記事によると、改正法は、パワーハラスメントとは、「優越的な関係を背景に、業務上必要な範囲を超えた言動で労働者の就業環境を害する」ことである、と定義付けたと言うことです。
たしかに、「パワーハラスメント」(パワハラ)という言葉は、社会的に定着しており、その言葉が持つ意味合いも広く共有されているように思われるものの、これまでは法律によって定義が明確に定まっていたわけではありませんでしたので、この点を明らかにした法改正には意義があると思われます。
ただ、改正法は、パワーハラスメントの定義を明確化すると共に、企業に対してその防止を義務付けたということですが、企業(使用者)の立場から考えると、これまでであっても、企業は、労働者との間の労働契約締結に伴い、「労働者がその生命、身体等の安全を確保しつつ労働することができるよう、必要な配慮をするものとする」(労働契約法5条)というように「職場環境配慮義務」を負うものとされ、企業が従業員によるパワーハラスメント行為を放置することは、その企業の法的責任を生じさせる、と考えられてきたことからすれば、この点に関する法律上の扱いが、改正法の成立・施行によって大きく変わるというものではないのではないか、と考えられます。
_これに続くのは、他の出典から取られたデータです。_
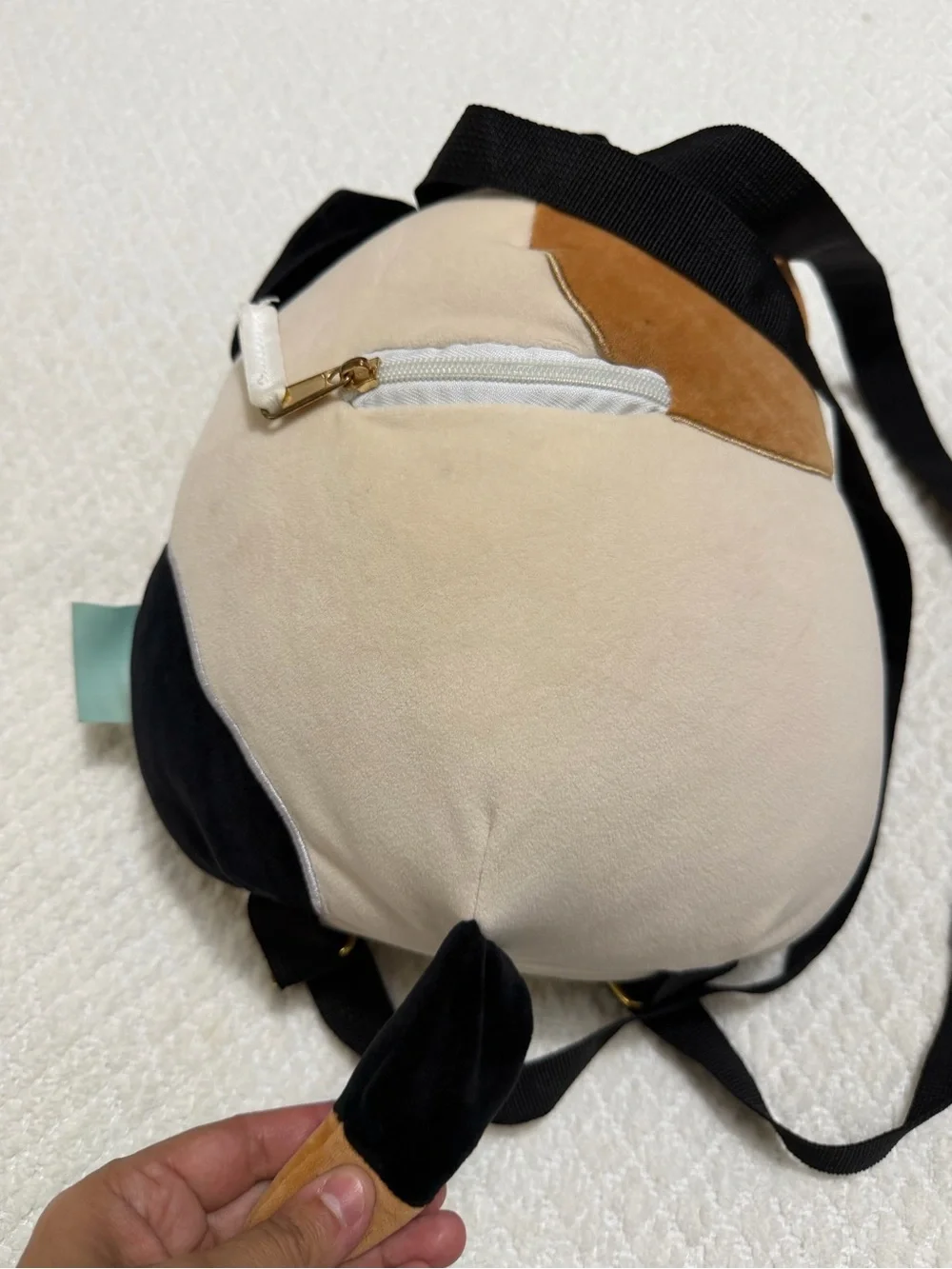 Squishmallows Calico Cat Backpack Small Pocket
すなわち、改正法の施行は、前記記事によれば、「早ければ大企業が2020年4月、中小企業が22年4月の見通し」ということですが、たとえ改正法施行前であっても、企業が、従業員によるパワーハラスメント行為を放置することは許されるものではありませんし、事情によっては企業自身の法的責任の問題ともなり得ますので、留意される必要があります。